Of course the man who plays charmingly and calculatingly to win her heart is actually Count Albrecht, who of course is already bethrothed, and Kevin Jackson gives him a suave sliminess that’s completely magnetic, and his performance matures dramatically in the second act as Albrecht himself matures.
Eastoe and her Giselle have also matured by the second act, and, dancing with the chorus of Wilis and their Queen (a divine, commanding Dimity Azoury) in the dark of night, she is imbued with a deeper, more knowing sense of space. Her sorrow is palpable and her love is clear in the turn of a neck, the placement of a hand.

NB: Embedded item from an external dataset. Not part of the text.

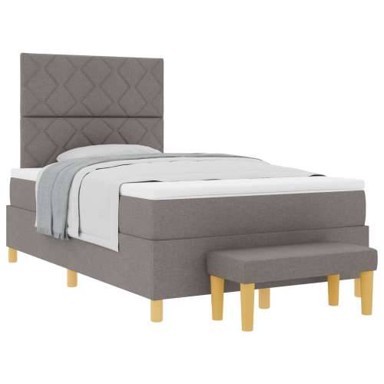 Krevet na podlozi s madracem i klupom 120x190 cm, tkanina, taupe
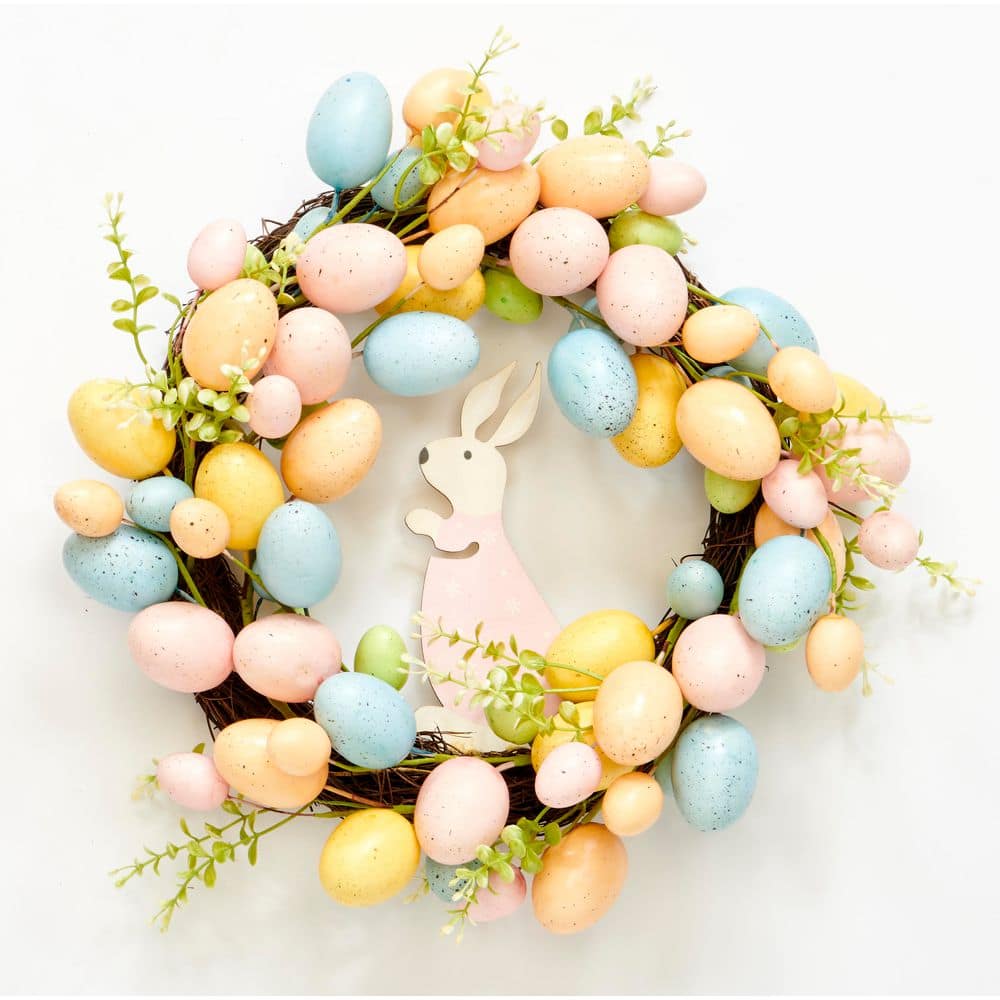 16 in Easter Eggs and Bunny Wreath on Natural Twig Base - Hercitys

Eastoe and Jackson’s pas de deux in the forest is an agonising, beautiful affair. Jackson’s partnering is tender and Eastoe is simultaneously giving and self-aware they are such a melancholy image of regret and love. Eastoe was born to dance, it’s clear. She radiates.
It’s the precision of the company that propels this production forward so relentlessly, breathlessly for the audience (yet its structure and staging is so measured). The corps, particularly the Wilis, move with an attractive self-possessed unity and strength. It’s a dream of classical movement and so are they. Everything lifts as they converge on stage; when they force Albrecht to dance until he is spent, Jackson’s entrechats are dizzying.
Francis Croese’s lighting conjures up something darkly romantic, a haze of softness that turns into a touch of danger in Act II; it lifts the pleasant, traditional sets and costuming by Peter Farmer to romantic heights. And Adolphe Adam’s music is sumptuous here, with the Australian Opera and Ballet Orchestra led by conductor Nicolette Fraillon — in particular the ‘he loves me, he loves me not’ leitmotif, which sneaks into your heart quietly, but persistently.
Gielgud’s production is especially sympathetic to its scorned lead, and Giselle is perfectly calibrated here. When she realises Albrecht’s deception her grief is pure and relatable; she pleads to everyone around her as though she just doesn’t understand how someone can be so cruel. When she seeks solace with her mother (a fine Olga Tamara) and the strain overwhelms her heart, it’s a clear and striking loss that someone so vital is now driven to this, collapsed and gone.
And in death Giselle is not vengeful, nor is she entirely forgiving; there’s something in Gielgud’s production that assures us that there’s steel in Giselle now, in place of feather-lightness; steel but not hardness. Giselle saves Albrecht from a place of love, but it’s also something of a sense of wisdom: she’s protecting him from the worst, the worst she has lived through. It’s not an absolution, but it is a kindness; thanks to Eastoe and Gielgud, it feels like a blessing, the gift of a second chance. It’s pure grace.
As a production, this Giselle is gorgeous. As a farewell to Eastoe, it’s fittingly heartbreaking and life-affirming. She will be missed.